Mizoram State Commission for Women is a statutory body constituted in the year 1993 to deal with the issues relating to crime against women in the state of Mizoram. The commission for welfare of women in the state was set up by Mizoram Government as a quasi-judicial body.

== History and objectives ==

Mizoram State Commission for Women was formed to investigate specific problems relating to women and apart from studying women related issues from the state. The commission is equipped with powers to safeguard rights of women and ensure their protection and equality against any form of harassment and issues faced in the family and community.

The commission was created with the following objectives:

- Ensuring protection and welfare of women.
- Handle gender-based issues through timely intervention in case of any violation of relevant laws or opportunity denial or depriving the women of any rights.
- Recommending to state government on women-based issues.
- The commission occasionally takes steps to create awareness in public regarding the women-based legislation in the state.

== Composition ==

Mizoram State Commission for Women was formed with a chairperson and other members. The social welfare department of the state makes modalities for appointing the Chairman of the State Commission for Women. Their salary and other emoluments are fixed by state government and revised from time to time.

Ms. Lallawmchhungi was formerly the Chairperson of the Mizoram State Commission for Women. She along with other members were due to hold office for a period of 3 years.

In March 2024, C Lalchhandami was appointed to the post. She resigned in September of the same year following protests by the Mizo National Front over disputes regarding her eligibility for the post due to her age.

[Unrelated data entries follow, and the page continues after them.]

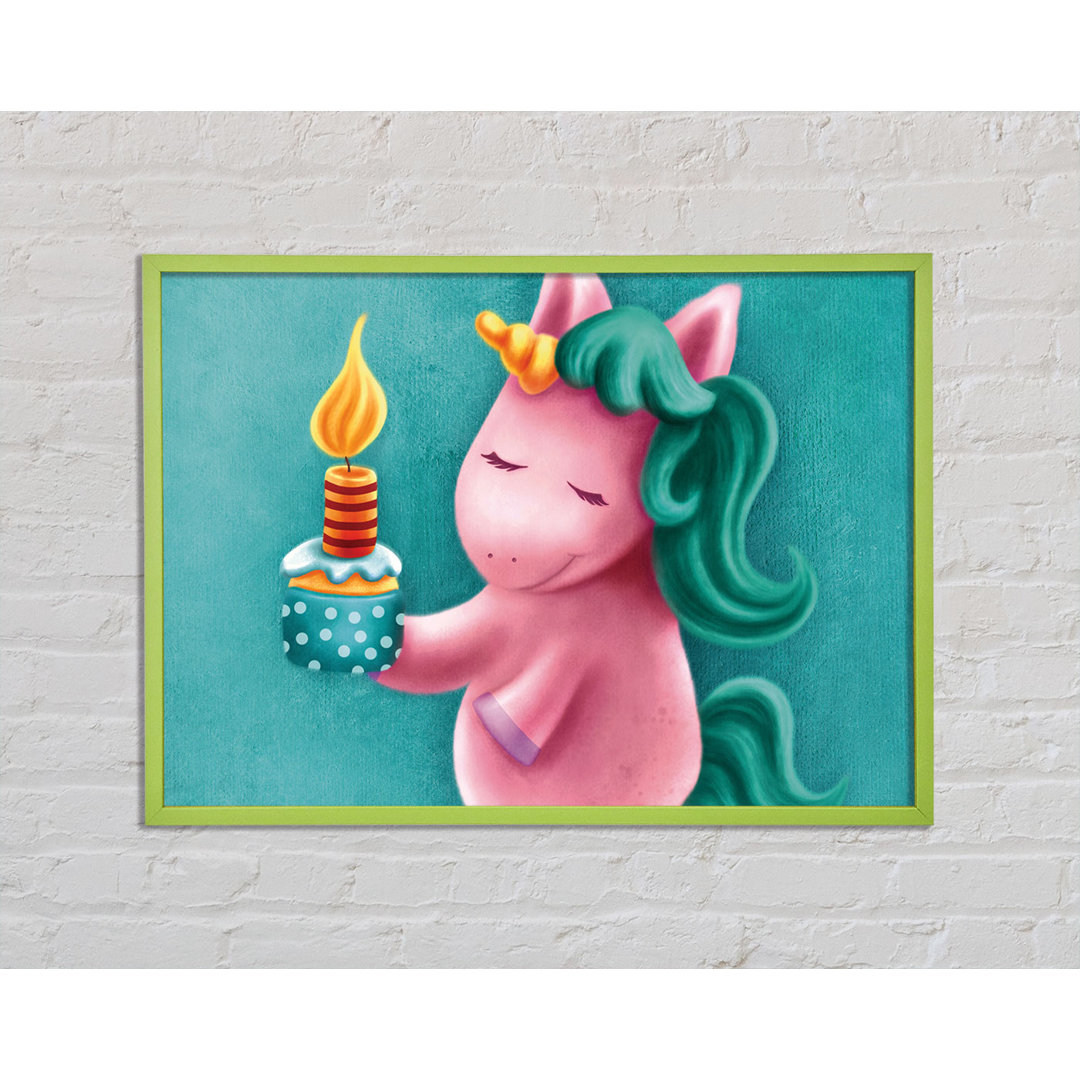 Eilley Birthday Cake Unicorn - Einzelner Bilderrahmen Kunstdrucke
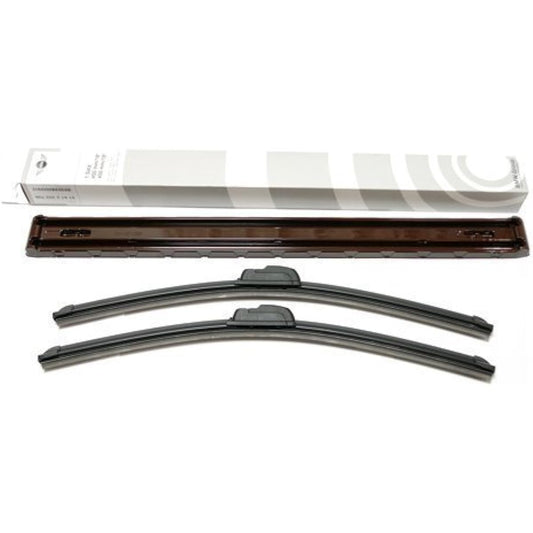 BMW MINI Genuine Flat Wiper Blade Set R50 R52 R53 R55 R56 R57 R58 R59 with MINI Logo 61612352708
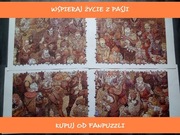 Puzzle Wiedźmin Birthday Good Loot KOMPLET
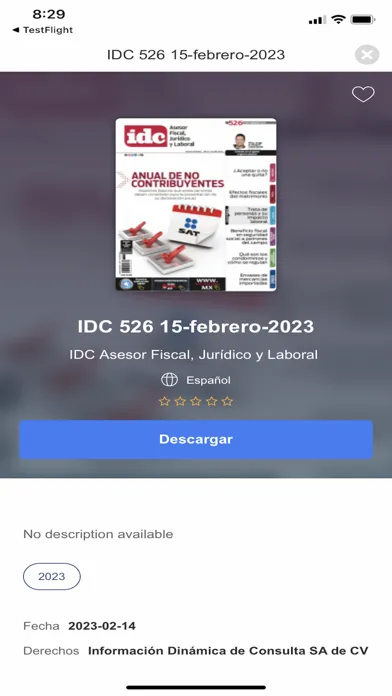 Tangkapan layar IDC Revista Digital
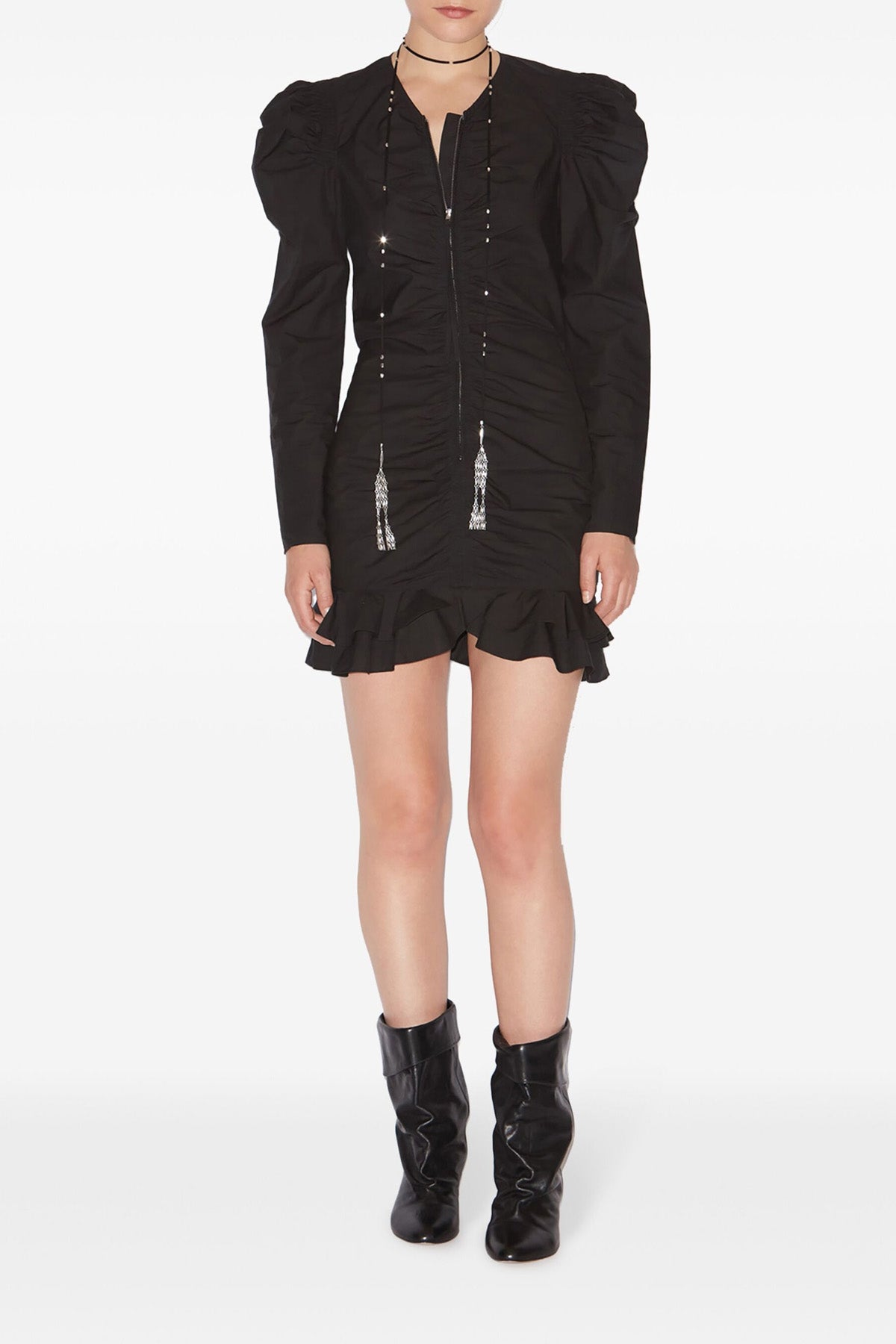 briali crunchy cotton mini dress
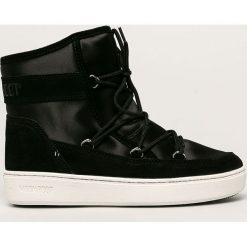 Moon Boot - Śniegowce Pulse Z Satin. Czarne śniegowce damskie Moon Boot, ze skóry, na zamek. Za 749,90 zł.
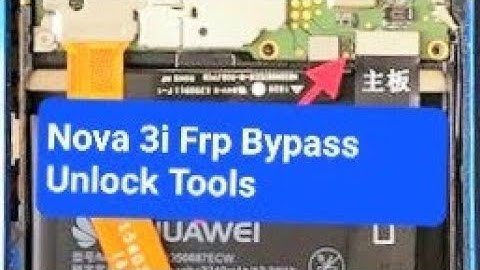Huawei Nova 3i (INE-LX2) Click Erase FRP New Security .How to Remove Google Account 💯👍 unlock tool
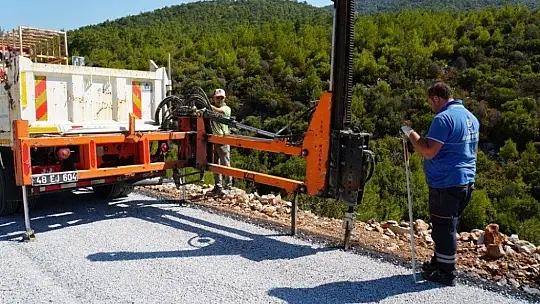 Bodrum'da Torba-Kızılağaç yolu tamamlandı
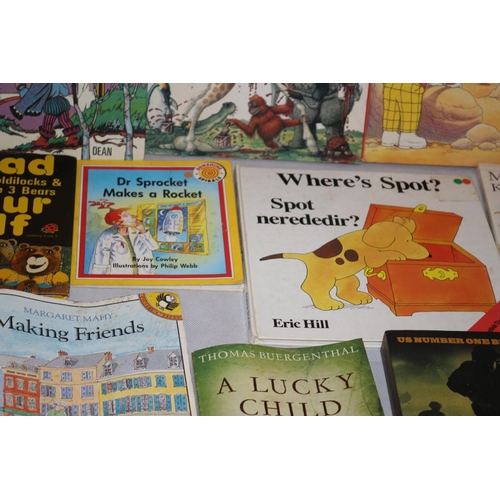 129 - Large Selection of Both Children and Adult Books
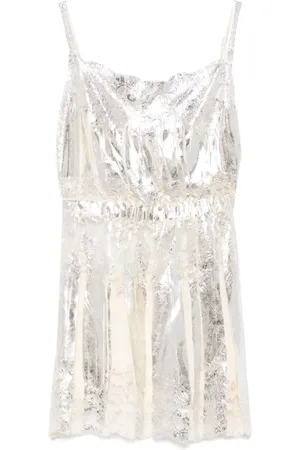 Paco rabanne Metallic-finish top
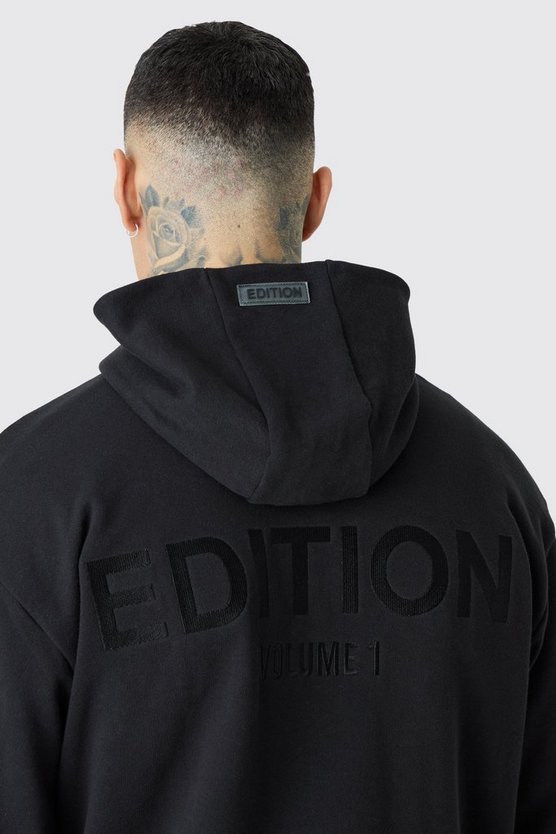 Tall Oversize Hoodie mit Reißverschluss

She was succeeded by Christina Zodinpuii, who was appointed in October 2024, and currently holds the post as of March 2026.

== Activities ==

Mizoram State Commission for Women was formed in 2006 to perform below activities:

- Commission should ensure that it adheres to the provision and protection guaranteed for women under Constitution of India and women related legislations.
- In case any agency in the state fails to implement protective measures against women, getting the same to the notice of Government.
- Making recommendations for the amendments in any law if it fails on provision of justice to the women of the state.
- Taking up with concerned authorities any issue of violation of women's rights and recommending follow-up action to them.
- Women who have complaints of violation of their rights and non-implementation of their protective measures guaranteed under the Constitution of India can directly approach Women Commission for redressal.
- Counselling and assisting women who are victims of atrocities and discrimination in the state.
- Financing litigation expenses for any issues involving mass group of women and occasionally make reports to the state government relating to them.
- Inspecting any premises, jail or other remand home where women prisoners are lodged or any other case and bringing them to the notice of respective authorities, in case of need.
- Enquire, study and investigate any specific women-based issues.
- Initiate educational research or undertaking any promotional method and recommend ways for ensuring women representation in all areas and identifying reasons depriving them of their rights.
- To enquire suo-moto or any complaints of any issue which deprives women of their rights or women protection laws not being implemented or noncompliance of any policies relating to them or failure of following instructions relating to women welfare and relief associated with them.